Selain itu, Indonesia juga memiliki beberapa keinginan yang akan diwujudkan melalui IK-CEPA. Indonesia menginginkan aturan mengenai tarif yang lebih adil. Selanjutnya, Indonesia juga ingin menyamakan posisi dengan negara-negara di Asean yang sudah memiliki free trade agreement dengan Korea Selatan.

Tak hanya itu, Indonesia ingin Korea Selatan menjadi hubungan baru bagi produk ekspor Indonesia terutama di bidang produk elektronik dan otomotif. Alasannya karena Indonesia ingin menjadi pemain baru di bidang tersebut skala dunia.

Dalam bidang elektronik, pada tahun 2022, Presiden Indonesia Joko Widodo meresmikan investasi konsorsium LG Energy Solution, perusahaan milik Korea Selatan, untuk membangun pabrik baterai kendaraan listrik di Kawasan Industri Terpadu yang terletak di Jawa Tengah. Itu merupakan investasi pertama di dunia yang sudah terintegrasi.

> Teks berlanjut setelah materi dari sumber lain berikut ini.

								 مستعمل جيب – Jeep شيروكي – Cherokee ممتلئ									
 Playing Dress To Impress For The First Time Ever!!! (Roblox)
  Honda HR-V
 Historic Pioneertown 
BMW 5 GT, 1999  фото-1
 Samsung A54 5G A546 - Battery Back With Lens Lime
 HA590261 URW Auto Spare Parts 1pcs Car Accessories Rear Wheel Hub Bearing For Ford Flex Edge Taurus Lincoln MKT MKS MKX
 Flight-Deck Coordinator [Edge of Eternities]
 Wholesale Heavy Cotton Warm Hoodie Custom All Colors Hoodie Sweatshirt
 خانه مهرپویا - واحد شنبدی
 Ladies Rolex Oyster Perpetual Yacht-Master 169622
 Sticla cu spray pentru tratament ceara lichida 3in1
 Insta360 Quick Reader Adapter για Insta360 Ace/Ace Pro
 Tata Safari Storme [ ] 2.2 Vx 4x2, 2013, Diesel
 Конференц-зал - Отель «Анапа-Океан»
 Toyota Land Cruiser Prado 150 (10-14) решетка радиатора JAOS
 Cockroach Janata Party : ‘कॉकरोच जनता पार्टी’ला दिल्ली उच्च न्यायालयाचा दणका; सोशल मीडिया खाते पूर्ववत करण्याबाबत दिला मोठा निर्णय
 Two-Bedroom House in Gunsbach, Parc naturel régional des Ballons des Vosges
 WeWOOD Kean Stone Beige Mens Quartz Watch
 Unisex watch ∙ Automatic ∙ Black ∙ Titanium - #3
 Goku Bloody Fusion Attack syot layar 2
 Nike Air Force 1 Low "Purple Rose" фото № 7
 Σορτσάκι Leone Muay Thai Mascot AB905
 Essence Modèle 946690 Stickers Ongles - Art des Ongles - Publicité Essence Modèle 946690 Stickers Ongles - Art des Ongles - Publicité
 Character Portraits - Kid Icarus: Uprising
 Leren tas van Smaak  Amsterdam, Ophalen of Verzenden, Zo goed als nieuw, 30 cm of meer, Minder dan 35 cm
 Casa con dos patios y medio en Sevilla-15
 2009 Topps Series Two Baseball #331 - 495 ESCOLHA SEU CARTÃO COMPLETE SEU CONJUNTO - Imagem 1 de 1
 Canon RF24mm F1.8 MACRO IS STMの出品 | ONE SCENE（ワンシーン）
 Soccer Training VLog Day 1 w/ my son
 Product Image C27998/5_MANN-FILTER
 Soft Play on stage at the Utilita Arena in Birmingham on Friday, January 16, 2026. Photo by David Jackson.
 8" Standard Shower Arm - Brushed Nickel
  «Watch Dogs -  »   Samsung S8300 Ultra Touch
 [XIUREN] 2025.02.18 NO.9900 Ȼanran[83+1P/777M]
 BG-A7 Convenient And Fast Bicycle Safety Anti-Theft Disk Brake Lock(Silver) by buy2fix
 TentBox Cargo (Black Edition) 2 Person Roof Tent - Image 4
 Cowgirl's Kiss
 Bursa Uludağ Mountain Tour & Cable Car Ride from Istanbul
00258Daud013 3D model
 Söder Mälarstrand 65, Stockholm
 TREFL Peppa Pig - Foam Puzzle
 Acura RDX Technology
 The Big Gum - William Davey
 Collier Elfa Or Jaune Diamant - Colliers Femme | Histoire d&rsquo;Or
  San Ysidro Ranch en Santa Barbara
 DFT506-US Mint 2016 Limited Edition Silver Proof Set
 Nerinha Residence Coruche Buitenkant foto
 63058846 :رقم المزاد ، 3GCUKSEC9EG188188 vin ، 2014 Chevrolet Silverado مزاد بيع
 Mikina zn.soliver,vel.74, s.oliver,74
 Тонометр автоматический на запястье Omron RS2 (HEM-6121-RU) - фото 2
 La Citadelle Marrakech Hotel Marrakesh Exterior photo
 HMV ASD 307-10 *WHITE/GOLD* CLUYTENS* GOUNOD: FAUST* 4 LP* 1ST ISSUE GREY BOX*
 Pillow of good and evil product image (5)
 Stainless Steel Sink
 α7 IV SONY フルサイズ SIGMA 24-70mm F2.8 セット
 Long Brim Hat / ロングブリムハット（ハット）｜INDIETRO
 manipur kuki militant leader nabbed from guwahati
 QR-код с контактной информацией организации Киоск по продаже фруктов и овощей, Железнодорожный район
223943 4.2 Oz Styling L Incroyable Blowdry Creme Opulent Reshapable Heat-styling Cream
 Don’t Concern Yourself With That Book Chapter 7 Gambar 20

Selanjutnya dalam bidang otomotif, PT Hyundai Motors Indonesia, perusahaan milik Korea Selatan yang membuka pabriknya di Jawa Barat, Indonesia berkomitmen untuk memproduksi mobil listrik dengan harga terjangkau. Pada tahap awal, PT Hyundai Motors akan memproduksi sebanyak 1.000 unit mobil listrik per tahun.

Indonesia berharap, jelang implementasi di tahun 2023, IK-CEPA menjadi perjanjian kerja sama komprehensif yang memberi hasil.

Sejalan dengan politik luar negeri Indonesia, menjadikan Indonesia dapat secara bebas melakukan kerja sama dengan negara mana pun. Dalam IK-CEPA, Indonesia bersama Korea Selatan. Tentunya hal itu didasari oleh target dan tujuan yang dimiliki Indonesia.

Selanjutnya, Indonesia juga harus berperan aktif dalam kerja sama yang telah dibentuk, salah satunya IK-CEPA bersama Korea Selatan, agar kepentingan dan keinginan yang dimiliki Indonesia dapat terwujud.

Secara garis besar, adanya perundingan perjanjian dagang bilateral IK-CEPA dapat meningkatkan perekonomian kedua negara khususnya Indonesia melalui kebijakan tentang tarif, peningkatan penanaman modal Korea Selatan di Indonesia, dan lainnya. Namun, Indonesia melalui IK-CEPA sangat berharap dapat menjadi salah satu pesaing negara-negara di dunia dalam bidang elektronik dan otomotif.